We have pointed out that the musar taught by Chazal was always in matters which were important fundamentals. Yehuda be Tabai saw that even a few inappropriate words can lead to a distortion of true justice. This behavior was a serious problem, where even great people fell in to this trap. (See Ketuboth 52b and 86a which recounts two cases where advice was given on how to utilize a legal loophole, something that is deemed inappropriate coming from a person in a position of judicial authority. Whether it is appropriate for a friend of one of the litigants — that requires analysis of the commentaries on the above cited cases.)
“When the litigants are standing before you, they should both be viewed as guilty.” It is possible for a judge to have a feeling that one of the litigants is a righteous person and the other is wicked, which could interfere with his ability to objectively judge the CASE, based on the claims and evidence. (He might look to justify the claims of the person he viewed as a righteous person, while being overly suspicious of the claims of his opponent.) He is therefore instructed to initially view both parties as guilty, ensuring that he will subject all claims to rigorous and critical scrutiny. We are not taught to view both parties as initially being righteous, for this (overly romantic view) would prevent the judge from going below the surface of the claims to root out the truth. But when he views each of them as guilty, he will be more likely to reach the underlying truth of the case.
“When they depart from before you (after the verdict has been rendered) they should both be viewed as virtuous, when they have accepted the judgment.” Accepting the judgment is viewed as a special character trait, for most people aren’t willing to accept their own guilt or deficiency. (See Shabbat 119a. The seeds of our culture of “victimization,” where everything is someone else’s fault, are not a modern invention…) When they wholeheartedly accept the judgment, this indicates a special level of righteousness.

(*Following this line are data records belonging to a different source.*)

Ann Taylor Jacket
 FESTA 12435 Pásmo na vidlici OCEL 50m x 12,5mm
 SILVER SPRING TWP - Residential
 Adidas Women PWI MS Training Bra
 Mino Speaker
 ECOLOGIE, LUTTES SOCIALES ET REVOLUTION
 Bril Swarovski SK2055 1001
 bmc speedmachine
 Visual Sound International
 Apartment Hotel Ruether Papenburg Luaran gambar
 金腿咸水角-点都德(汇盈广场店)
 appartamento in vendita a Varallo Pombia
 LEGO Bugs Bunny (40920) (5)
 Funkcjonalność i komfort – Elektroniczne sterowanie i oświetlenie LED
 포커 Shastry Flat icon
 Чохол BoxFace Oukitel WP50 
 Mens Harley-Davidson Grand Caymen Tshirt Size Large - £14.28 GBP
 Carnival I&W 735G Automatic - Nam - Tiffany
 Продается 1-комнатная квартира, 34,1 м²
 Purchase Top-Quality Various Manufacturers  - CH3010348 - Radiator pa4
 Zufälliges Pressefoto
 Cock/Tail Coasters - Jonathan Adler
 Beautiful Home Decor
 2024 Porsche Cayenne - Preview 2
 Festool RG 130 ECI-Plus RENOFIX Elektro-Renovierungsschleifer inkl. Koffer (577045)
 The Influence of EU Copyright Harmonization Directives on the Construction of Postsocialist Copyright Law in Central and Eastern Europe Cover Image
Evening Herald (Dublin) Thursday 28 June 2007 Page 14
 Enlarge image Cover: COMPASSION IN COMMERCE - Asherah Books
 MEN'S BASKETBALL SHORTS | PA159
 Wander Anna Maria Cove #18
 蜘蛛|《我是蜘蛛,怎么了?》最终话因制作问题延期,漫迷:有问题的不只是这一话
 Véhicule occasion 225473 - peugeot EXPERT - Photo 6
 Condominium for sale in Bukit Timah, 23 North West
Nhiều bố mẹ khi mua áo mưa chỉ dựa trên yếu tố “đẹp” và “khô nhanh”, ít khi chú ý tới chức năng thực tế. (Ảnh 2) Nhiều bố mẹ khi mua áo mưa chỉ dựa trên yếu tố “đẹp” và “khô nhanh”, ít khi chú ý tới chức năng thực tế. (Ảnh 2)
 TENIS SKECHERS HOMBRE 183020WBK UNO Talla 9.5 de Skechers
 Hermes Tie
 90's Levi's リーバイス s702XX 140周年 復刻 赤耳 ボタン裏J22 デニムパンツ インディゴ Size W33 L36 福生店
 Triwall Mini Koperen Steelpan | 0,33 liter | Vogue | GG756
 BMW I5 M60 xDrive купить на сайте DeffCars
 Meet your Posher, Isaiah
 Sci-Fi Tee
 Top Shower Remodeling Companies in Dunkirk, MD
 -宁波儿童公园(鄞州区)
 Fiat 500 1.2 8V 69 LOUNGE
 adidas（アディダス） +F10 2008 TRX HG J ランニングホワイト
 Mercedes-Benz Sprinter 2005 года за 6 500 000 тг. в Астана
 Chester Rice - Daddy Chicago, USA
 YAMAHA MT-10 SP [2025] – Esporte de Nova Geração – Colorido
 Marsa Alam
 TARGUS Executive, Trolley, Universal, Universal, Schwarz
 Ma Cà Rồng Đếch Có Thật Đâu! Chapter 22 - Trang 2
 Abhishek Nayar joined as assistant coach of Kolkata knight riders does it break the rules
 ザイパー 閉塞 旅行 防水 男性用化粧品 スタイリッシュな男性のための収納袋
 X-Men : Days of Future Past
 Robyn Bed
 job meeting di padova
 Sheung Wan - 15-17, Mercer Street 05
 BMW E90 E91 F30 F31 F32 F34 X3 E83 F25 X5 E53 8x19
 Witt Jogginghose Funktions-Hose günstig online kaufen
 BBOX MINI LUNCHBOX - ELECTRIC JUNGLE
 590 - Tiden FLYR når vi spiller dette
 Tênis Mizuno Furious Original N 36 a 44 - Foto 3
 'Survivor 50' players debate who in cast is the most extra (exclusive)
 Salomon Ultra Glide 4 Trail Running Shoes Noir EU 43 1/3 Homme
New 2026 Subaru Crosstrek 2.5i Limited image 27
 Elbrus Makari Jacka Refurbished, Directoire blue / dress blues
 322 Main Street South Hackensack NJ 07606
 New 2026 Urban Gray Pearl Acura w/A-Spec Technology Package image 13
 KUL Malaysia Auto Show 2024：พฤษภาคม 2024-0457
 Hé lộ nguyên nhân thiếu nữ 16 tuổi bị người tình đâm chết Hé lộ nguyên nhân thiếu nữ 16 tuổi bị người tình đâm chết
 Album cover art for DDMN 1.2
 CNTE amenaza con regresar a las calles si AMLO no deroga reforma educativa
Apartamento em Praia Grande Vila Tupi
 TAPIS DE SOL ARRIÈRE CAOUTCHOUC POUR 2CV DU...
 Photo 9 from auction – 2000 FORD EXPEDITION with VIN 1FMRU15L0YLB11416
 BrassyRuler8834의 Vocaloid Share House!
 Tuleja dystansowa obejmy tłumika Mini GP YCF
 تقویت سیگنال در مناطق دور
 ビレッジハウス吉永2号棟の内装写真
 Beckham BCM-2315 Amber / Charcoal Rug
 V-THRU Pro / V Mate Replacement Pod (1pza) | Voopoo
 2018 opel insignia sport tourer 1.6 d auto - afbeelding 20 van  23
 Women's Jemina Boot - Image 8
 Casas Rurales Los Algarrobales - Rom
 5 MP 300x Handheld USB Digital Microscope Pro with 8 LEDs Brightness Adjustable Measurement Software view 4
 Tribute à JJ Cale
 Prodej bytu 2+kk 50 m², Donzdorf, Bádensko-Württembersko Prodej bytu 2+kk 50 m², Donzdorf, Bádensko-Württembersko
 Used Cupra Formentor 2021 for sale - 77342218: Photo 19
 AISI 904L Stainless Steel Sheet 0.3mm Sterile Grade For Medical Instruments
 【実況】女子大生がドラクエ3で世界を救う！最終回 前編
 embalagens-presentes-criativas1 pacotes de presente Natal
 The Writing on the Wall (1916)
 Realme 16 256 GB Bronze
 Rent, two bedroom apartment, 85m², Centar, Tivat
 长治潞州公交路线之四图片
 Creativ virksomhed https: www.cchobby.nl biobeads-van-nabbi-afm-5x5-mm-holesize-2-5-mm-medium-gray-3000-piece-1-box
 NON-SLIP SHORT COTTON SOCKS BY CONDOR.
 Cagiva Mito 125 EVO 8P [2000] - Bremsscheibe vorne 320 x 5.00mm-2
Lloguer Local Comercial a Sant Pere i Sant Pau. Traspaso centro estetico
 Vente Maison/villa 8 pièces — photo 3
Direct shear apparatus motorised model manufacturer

There is an additional perspective on the contrast between the preliminary attitude viewing both litigants as being wicked, followed by viewing them both as being righteous. When two people are in an argument, even if one is in the right, there is shared destiny between them. The Gemara in Shavuoth (39b) teaches us that when the defendant gives a false oath, the plaintiff also bears an element of responsibility. This is extracted from the language of the verse (Shemoth 22:10) “An oath of G-d shall be between the two of them…” teaching that the oath affects both of them. (Rashi explains that the plaintiff is punished for not taking care to entrust his money to an honest person[!], leading to “chilul HaShem,” a desecration of G-d’s name through a false oath.) Litigation with a dishonest person indicates a certain deficiency even in the person who is in the right. So the Tanna teaches that during the litigation, the judge should view both of them as wrong.
But once they have accepted the judgment, they are both righteous. Accepting judgment after there was “machloketh,” argument and dissension, can only exist if the people are basically righteous people, fulfilling the commandment “PURSUE righteousness” (Devarim 16:20). Initially, they were involved in dispute and dissension, which emanates from a negative source. (The parsha of Korach, with its accompanying commentaries teaches us how terribly destructive “machloketh” is.) But their mutual acceptance of the judgment shows that the initial dispute was really only due to their lack of clarity on what was right, to whom the money really belonged. A financial disagreement is different than a “machloketh.” Once there was a judgment, their acceptance of that judgment shows that their fundamental drive is for righteousness. Therefore, they should both be viewed as righteous people who have accepted the judgment.
(Contrast this with the bitterness that frequently follows a hotly disputed legal battle, and the scars that are left between both parties afterwards. That’s because court cases today are about “winning.” The Torah view of a court case is the pursuit of truth. The loser should be as happy as the winner, for a Jew does not want to have money in his possession that does not honestly belong to him.)